My Mother A beautiful lady. I've always felt my Mom resembles the actress and playwright, Isabella Rossellini.
My Mother
A beautiful lady. I’ve always felt my Mom resembles the actress and playwright, Isabella Rossellini.

 

It used to drive me crazy as a teen.

“Tell me what you think, Mom. What should I do?”

Mom would set aside her paint brush, focus her dark eyes upon mine and shrug.

Her comment was always,

“It doesn’t matter what I think; it’s what you think that counts. Think for yourself.”
Brush strokes filled a canvas.

Think for yourself. Three words that held power. Wielding clout to the choices I made.

It was my responsibility to stand at the crossroad and choose the right path. Successes and failures were mine alone to shoulder.

Mother insisted I decide my fate. There were moments in life when I begged her~ tell me, guide me, shield me, and help me. Anything, as I stood alone at the intersection called Life, and clutched an empty suitcase.

“Buck up,” she’d say, “Life’s not a party and it sure as hell isn’t fair.”

Her words, sage lyrics spoken from the heart of a beautiful, brave woman. A lady who learned late the skill set necessary to navigate through the unpredictable forests of life. She understood I was ill prepared, too fearful to fly. So she pushed me.

When lost, my mother’s words take the helm and whisper, Think for yourself. I promise you, the answer is within. Automatically my compass resets.
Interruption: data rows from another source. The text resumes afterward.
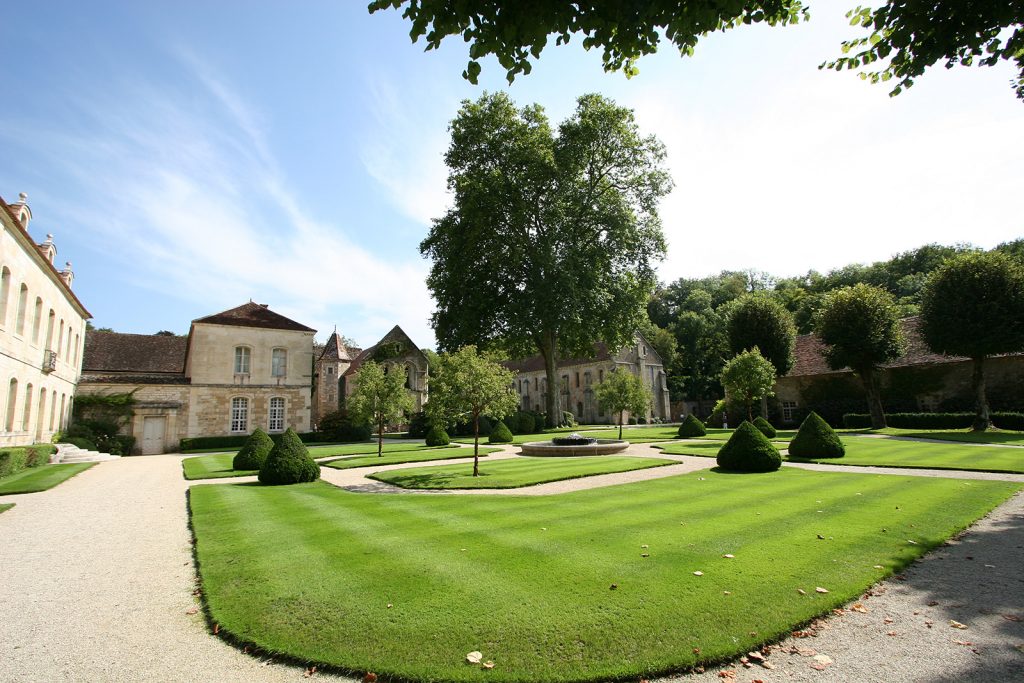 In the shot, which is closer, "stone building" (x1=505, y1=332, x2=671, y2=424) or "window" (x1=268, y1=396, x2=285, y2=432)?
"window" (x1=268, y1=396, x2=285, y2=432)

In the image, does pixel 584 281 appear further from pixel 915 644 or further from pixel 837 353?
pixel 915 644

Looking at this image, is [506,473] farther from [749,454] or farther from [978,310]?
[978,310]

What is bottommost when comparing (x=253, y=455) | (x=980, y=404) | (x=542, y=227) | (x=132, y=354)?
(x=253, y=455)

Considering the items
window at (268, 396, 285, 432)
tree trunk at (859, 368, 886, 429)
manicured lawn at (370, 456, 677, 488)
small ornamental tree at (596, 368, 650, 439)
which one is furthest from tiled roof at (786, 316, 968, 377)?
window at (268, 396, 285, 432)

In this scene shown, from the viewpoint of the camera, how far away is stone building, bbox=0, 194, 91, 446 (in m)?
18.5

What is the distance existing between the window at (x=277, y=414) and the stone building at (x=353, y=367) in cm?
621

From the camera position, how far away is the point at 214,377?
3453 cm

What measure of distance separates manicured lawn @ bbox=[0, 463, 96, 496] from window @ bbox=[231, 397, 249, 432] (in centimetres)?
1461

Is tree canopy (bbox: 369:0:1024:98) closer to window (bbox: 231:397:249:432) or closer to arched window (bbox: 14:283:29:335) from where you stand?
arched window (bbox: 14:283:29:335)

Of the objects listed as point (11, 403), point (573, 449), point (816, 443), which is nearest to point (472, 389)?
point (573, 449)

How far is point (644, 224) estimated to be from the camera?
34.8 metres

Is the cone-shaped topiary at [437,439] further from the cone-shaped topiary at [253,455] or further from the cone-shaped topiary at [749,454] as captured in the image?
the cone-shaped topiary at [749,454]

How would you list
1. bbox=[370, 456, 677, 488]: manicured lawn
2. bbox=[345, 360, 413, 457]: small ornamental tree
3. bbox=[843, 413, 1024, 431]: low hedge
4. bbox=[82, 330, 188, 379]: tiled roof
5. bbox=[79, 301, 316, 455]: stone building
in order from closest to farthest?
1. bbox=[370, 456, 677, 488]: manicured lawn
2. bbox=[345, 360, 413, 457]: small ornamental tree
3. bbox=[843, 413, 1024, 431]: low hedge
4. bbox=[79, 301, 316, 455]: stone building
5. bbox=[82, 330, 188, 379]: tiled roof

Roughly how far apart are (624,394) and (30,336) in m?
26.4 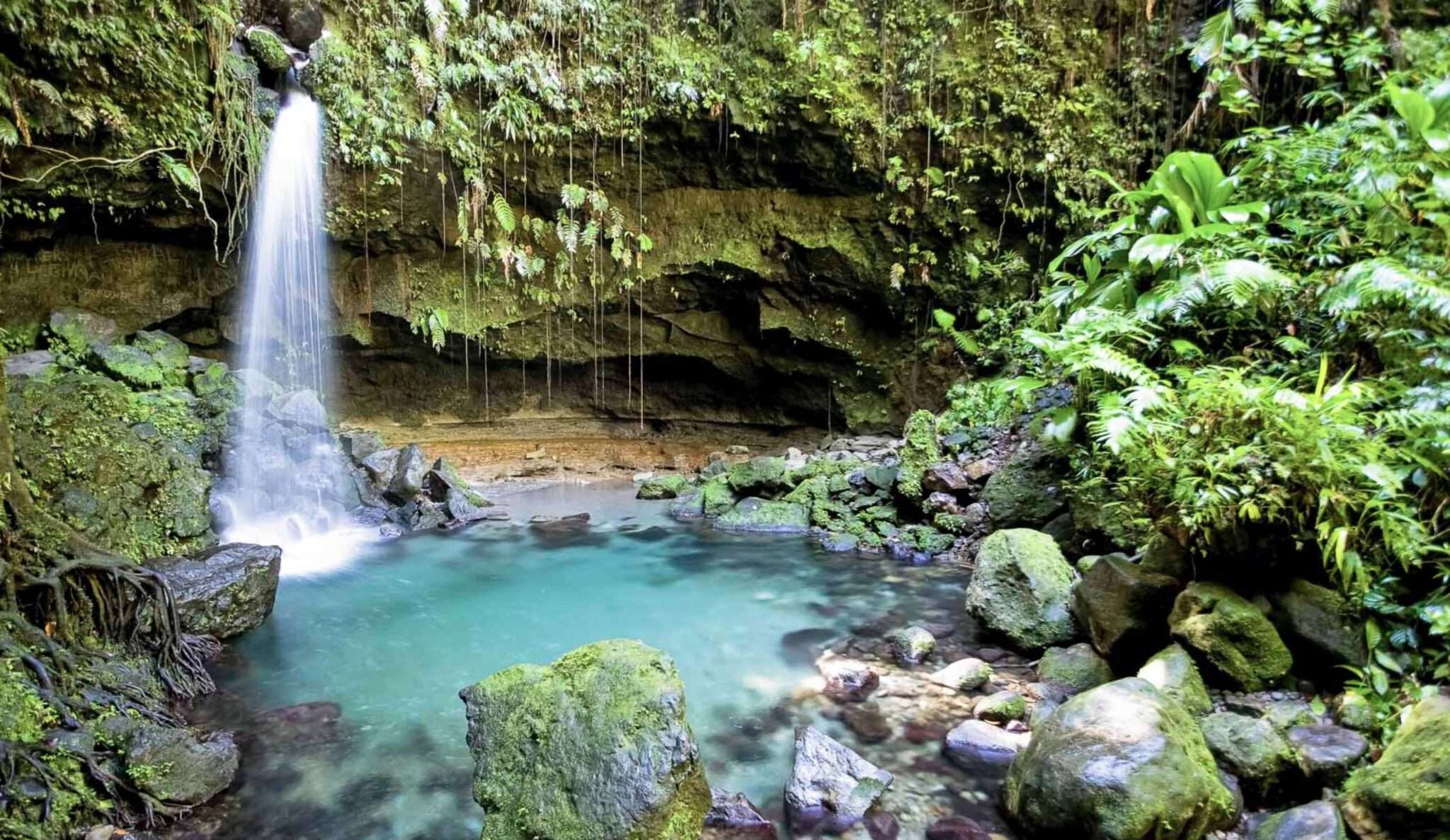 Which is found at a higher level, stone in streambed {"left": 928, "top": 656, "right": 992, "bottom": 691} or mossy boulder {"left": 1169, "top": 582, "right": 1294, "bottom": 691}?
mossy boulder {"left": 1169, "top": 582, "right": 1294, "bottom": 691}

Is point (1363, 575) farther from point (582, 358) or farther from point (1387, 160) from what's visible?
point (582, 358)

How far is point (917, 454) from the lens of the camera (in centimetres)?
884

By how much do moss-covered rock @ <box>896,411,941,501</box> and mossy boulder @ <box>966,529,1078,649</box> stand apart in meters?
2.87

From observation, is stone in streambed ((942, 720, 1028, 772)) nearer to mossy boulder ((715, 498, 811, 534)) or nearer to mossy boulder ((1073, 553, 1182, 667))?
mossy boulder ((1073, 553, 1182, 667))

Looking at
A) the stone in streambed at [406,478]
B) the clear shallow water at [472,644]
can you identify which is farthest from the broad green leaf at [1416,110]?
the stone in streambed at [406,478]

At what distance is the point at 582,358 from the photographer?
Answer: 1265 cm

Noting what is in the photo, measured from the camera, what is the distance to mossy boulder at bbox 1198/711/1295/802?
125 inches

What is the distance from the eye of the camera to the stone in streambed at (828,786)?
338 cm

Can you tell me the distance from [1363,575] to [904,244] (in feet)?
28.9

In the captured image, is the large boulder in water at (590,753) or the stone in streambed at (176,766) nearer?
the large boulder in water at (590,753)

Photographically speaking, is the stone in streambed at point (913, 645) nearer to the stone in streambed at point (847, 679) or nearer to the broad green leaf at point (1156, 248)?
the stone in streambed at point (847, 679)

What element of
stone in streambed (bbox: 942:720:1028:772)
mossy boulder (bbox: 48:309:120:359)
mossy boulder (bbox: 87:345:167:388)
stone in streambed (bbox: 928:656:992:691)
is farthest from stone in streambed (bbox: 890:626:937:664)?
mossy boulder (bbox: 48:309:120:359)

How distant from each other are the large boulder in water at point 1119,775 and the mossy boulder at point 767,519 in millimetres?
5752

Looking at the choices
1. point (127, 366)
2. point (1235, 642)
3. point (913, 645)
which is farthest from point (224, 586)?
point (1235, 642) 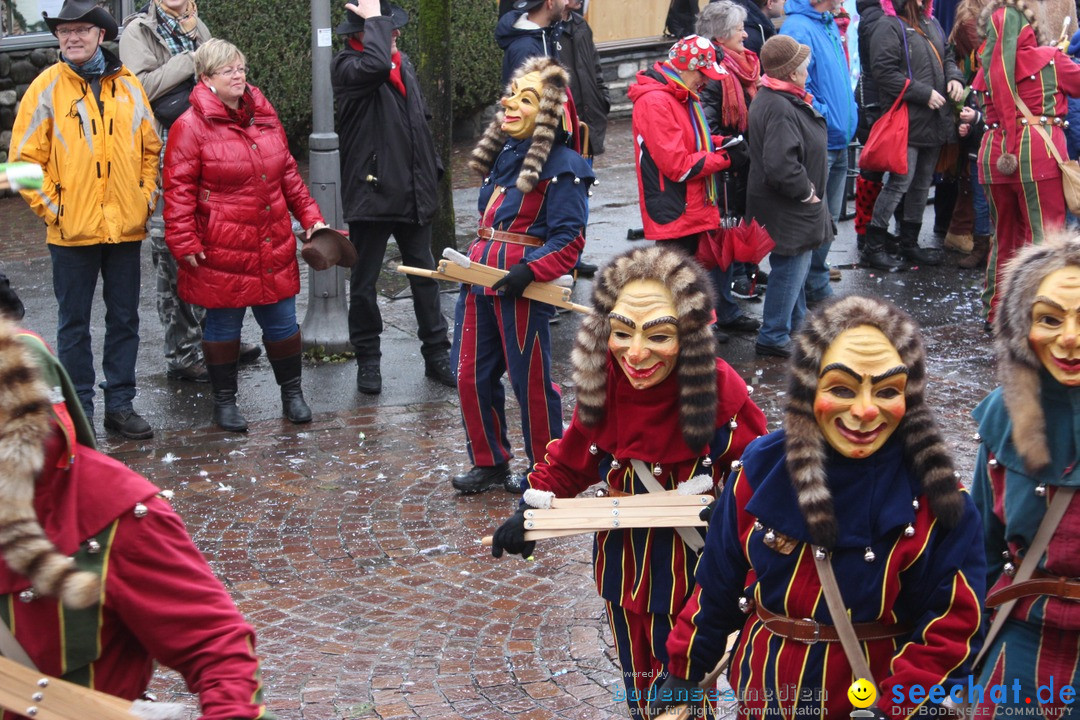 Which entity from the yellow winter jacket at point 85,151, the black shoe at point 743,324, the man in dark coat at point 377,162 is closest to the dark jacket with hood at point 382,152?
the man in dark coat at point 377,162

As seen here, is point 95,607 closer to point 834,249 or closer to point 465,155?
point 834,249

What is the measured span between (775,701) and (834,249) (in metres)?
8.73

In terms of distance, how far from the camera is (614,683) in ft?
16.9

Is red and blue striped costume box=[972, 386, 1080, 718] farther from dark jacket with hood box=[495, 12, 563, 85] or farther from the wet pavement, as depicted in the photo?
dark jacket with hood box=[495, 12, 563, 85]

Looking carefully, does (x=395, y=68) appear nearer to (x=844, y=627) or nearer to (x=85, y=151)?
(x=85, y=151)

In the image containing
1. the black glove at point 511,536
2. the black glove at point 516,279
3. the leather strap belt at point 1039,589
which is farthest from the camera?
the black glove at point 516,279

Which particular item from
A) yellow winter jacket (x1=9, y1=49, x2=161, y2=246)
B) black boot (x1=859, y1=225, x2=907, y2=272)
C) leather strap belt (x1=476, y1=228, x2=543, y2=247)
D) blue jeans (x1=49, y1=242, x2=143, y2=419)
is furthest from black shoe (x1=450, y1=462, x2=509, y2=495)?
black boot (x1=859, y1=225, x2=907, y2=272)

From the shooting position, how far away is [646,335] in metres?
Answer: 4.19

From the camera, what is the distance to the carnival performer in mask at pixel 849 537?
10.8ft

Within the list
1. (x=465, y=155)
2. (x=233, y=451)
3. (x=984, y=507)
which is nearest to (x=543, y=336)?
(x=233, y=451)

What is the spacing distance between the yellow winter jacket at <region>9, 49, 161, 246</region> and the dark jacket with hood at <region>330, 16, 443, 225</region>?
4.04 feet

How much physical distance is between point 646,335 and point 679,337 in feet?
0.33

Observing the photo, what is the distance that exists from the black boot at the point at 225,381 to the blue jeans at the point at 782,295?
3.43 m

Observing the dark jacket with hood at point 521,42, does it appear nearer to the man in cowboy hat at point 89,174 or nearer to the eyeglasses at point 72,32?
the man in cowboy hat at point 89,174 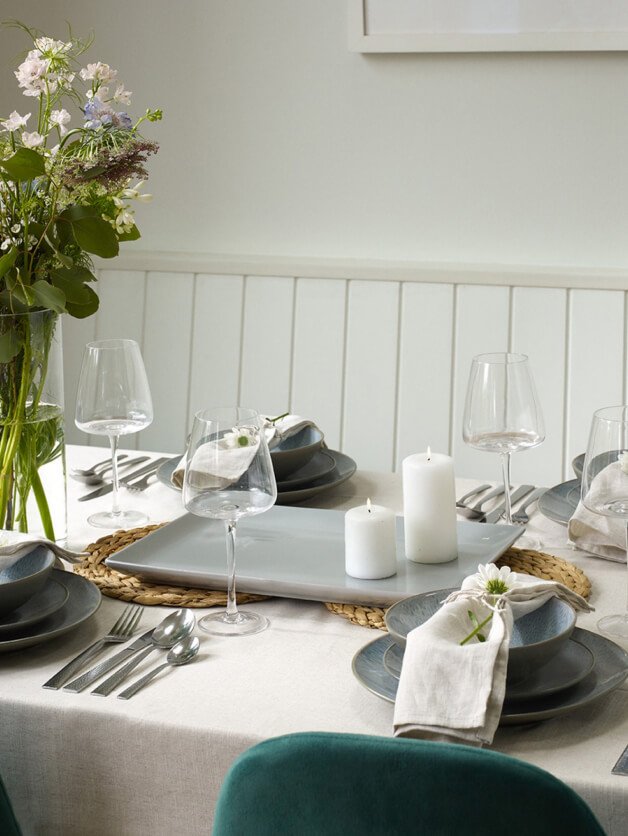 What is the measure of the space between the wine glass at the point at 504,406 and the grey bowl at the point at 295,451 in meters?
0.32

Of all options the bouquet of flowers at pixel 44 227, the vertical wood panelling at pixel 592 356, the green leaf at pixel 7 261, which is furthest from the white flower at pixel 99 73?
the vertical wood panelling at pixel 592 356

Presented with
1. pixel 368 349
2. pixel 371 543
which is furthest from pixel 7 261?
pixel 368 349

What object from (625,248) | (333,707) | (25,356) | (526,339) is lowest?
(333,707)

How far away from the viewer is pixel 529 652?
981 millimetres

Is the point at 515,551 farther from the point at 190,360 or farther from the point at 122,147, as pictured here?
the point at 190,360

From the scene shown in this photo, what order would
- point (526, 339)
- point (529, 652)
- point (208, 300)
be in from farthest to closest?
point (208, 300) → point (526, 339) → point (529, 652)

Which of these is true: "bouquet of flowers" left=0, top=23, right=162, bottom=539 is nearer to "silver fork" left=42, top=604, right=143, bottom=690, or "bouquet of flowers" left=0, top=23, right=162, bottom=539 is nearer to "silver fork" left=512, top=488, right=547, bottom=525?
"silver fork" left=42, top=604, right=143, bottom=690

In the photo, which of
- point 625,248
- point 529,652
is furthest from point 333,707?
point 625,248

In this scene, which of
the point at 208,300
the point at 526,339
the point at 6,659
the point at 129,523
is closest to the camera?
the point at 6,659

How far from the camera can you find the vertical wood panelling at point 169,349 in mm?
2809

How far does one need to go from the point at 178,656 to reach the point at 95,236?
1.81 ft

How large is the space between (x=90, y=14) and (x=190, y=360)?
947 mm

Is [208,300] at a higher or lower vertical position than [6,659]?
higher

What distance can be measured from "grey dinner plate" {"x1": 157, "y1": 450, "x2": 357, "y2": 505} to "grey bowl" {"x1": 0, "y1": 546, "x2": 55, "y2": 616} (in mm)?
442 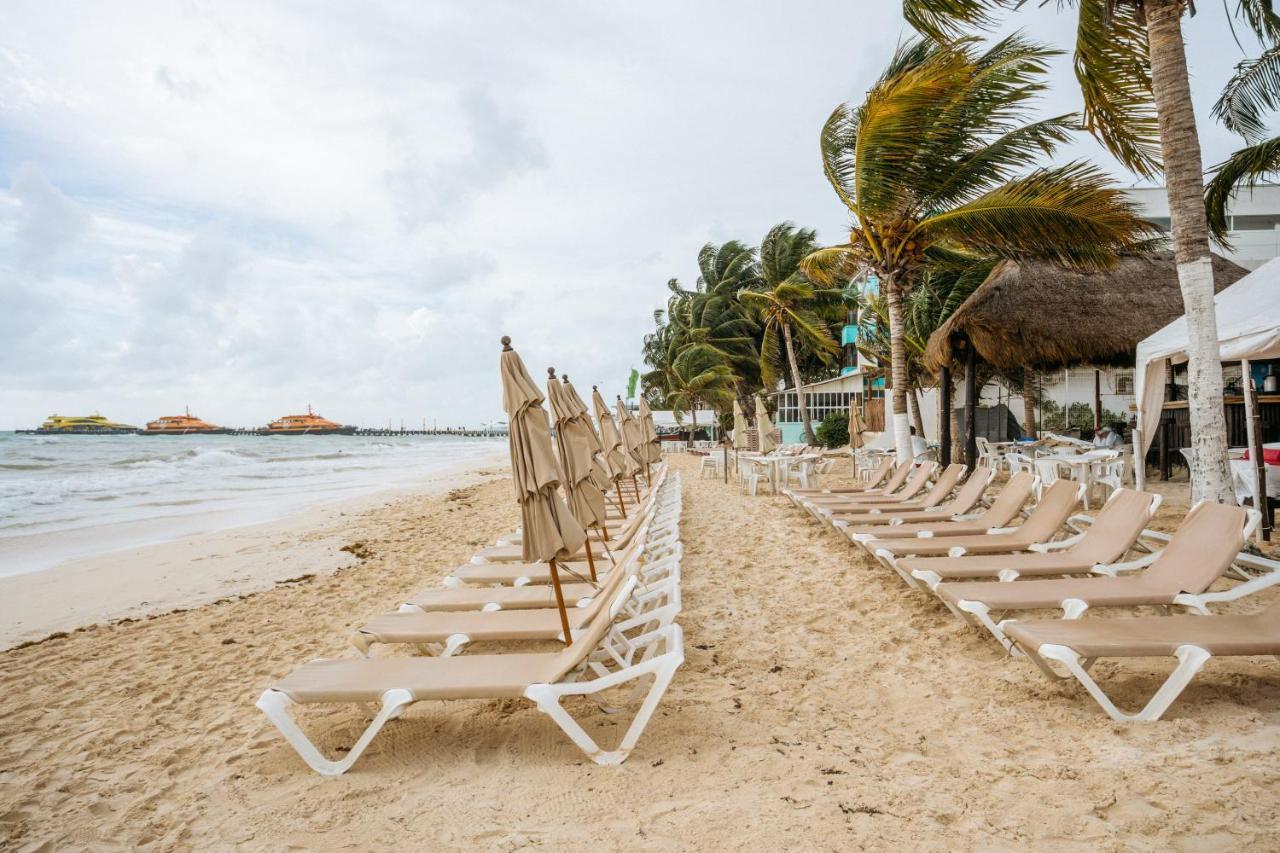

The Universe sets us down, gives us what we need to deal, in a lifetime. A talisman of courage when we cower, a nudge to stand tall when another breaks us down, the sparkle of beauty amidst ruins and light to shine through darkness.

This Mother’s Day I honour you, Mom. I learned to fly.

Memories

My grandfather had a green- thumb and passed it on. Growing up, we always had a beautiful garden filled with hedgerows, sweet jasmine, pansies, Cherry Blossom trees, and Japanese Maples. At night we sat outside and talked under a blanket of stars. One of our homes had a small pond complete with painted turtles (they always slipped out and escaped the yard). A Brave Girl, my sister climbed fences to hunt them down.

We don’t talk about it much; I was caught breathless by my sister’s beautiful, tiny garden. We remember.